→ **Exercise aim**
Going through the material below, output exactly the lines from the one containing "308 West California Avenue - 3" through the one containing "Set de table", and no pictures.

→ **Available data**

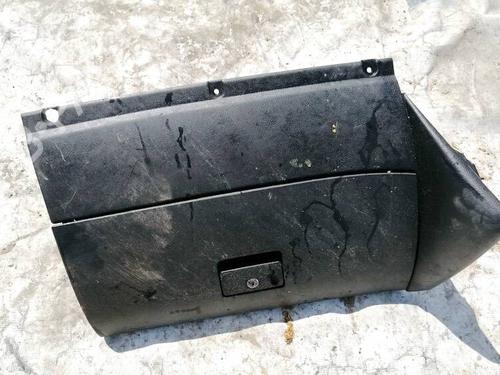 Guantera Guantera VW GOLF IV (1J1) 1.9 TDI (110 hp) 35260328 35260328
--
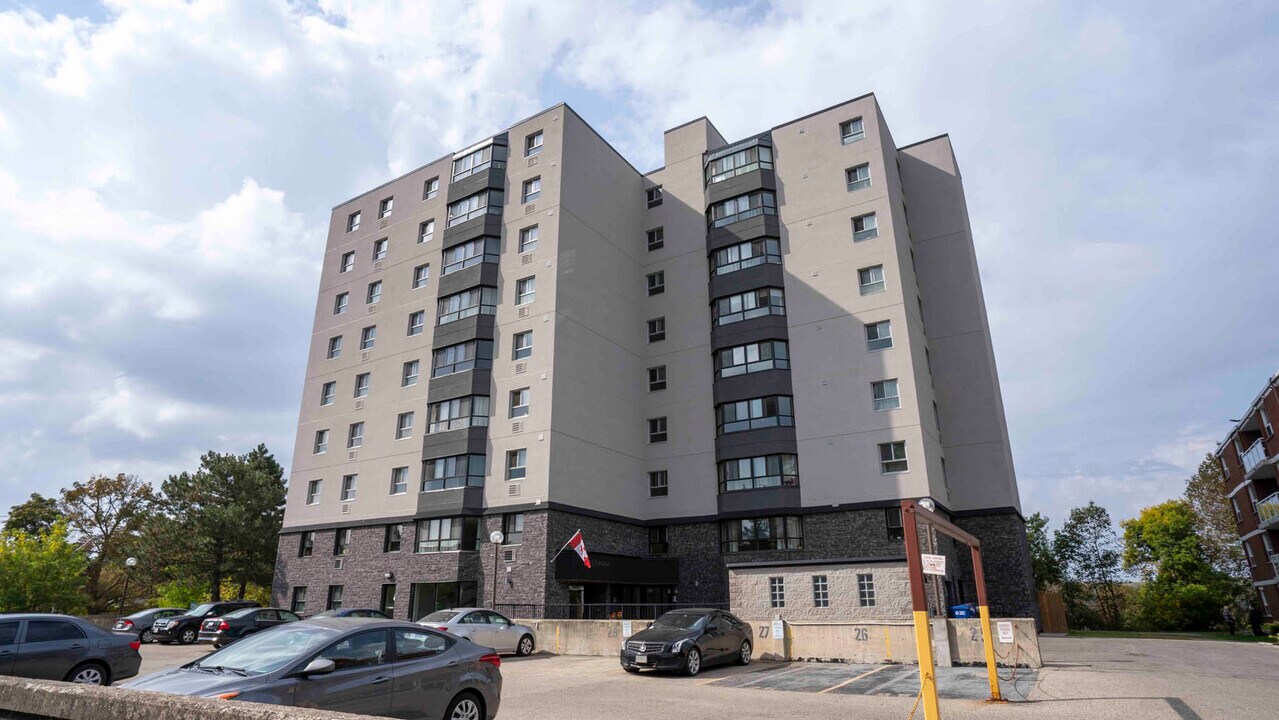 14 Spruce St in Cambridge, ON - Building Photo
==
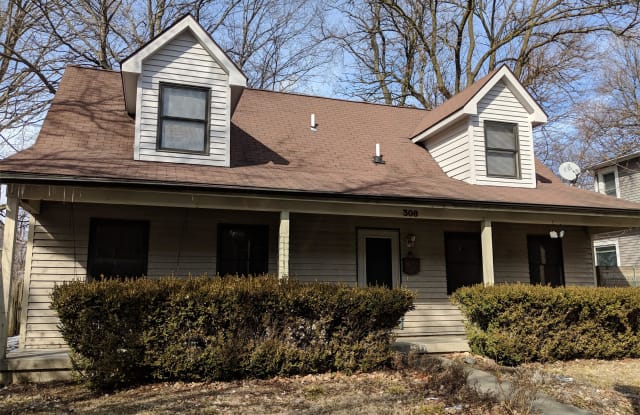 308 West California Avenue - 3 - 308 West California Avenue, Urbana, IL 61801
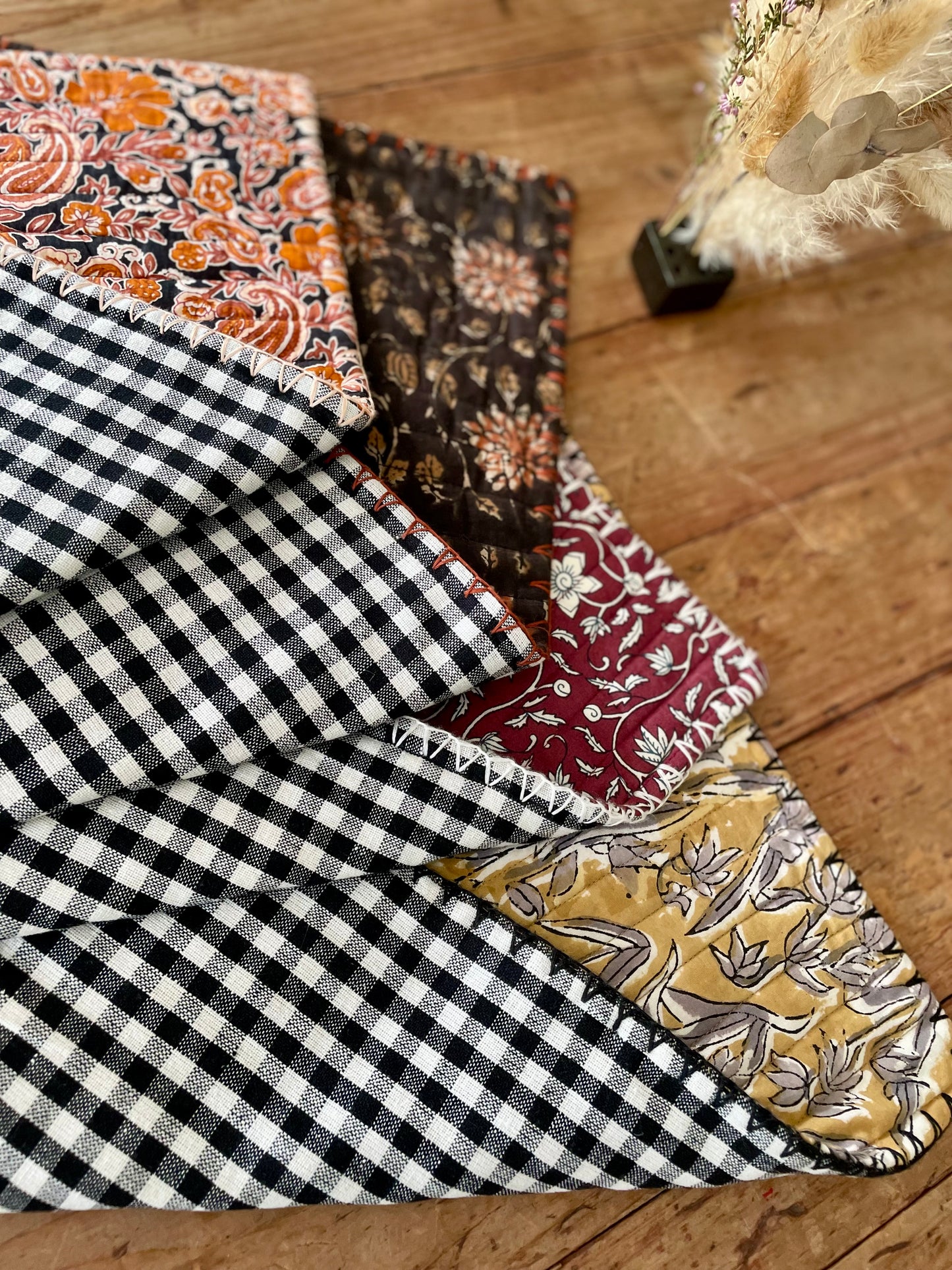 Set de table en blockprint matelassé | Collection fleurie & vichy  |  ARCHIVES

→ **Reply to the task**
 308 West California Avenue - 3 - 308 West California Avenue, Urbana, IL 61801
 Set de table en blockprint matelassé | Collection fleurie & vichy  |  ARCHIVES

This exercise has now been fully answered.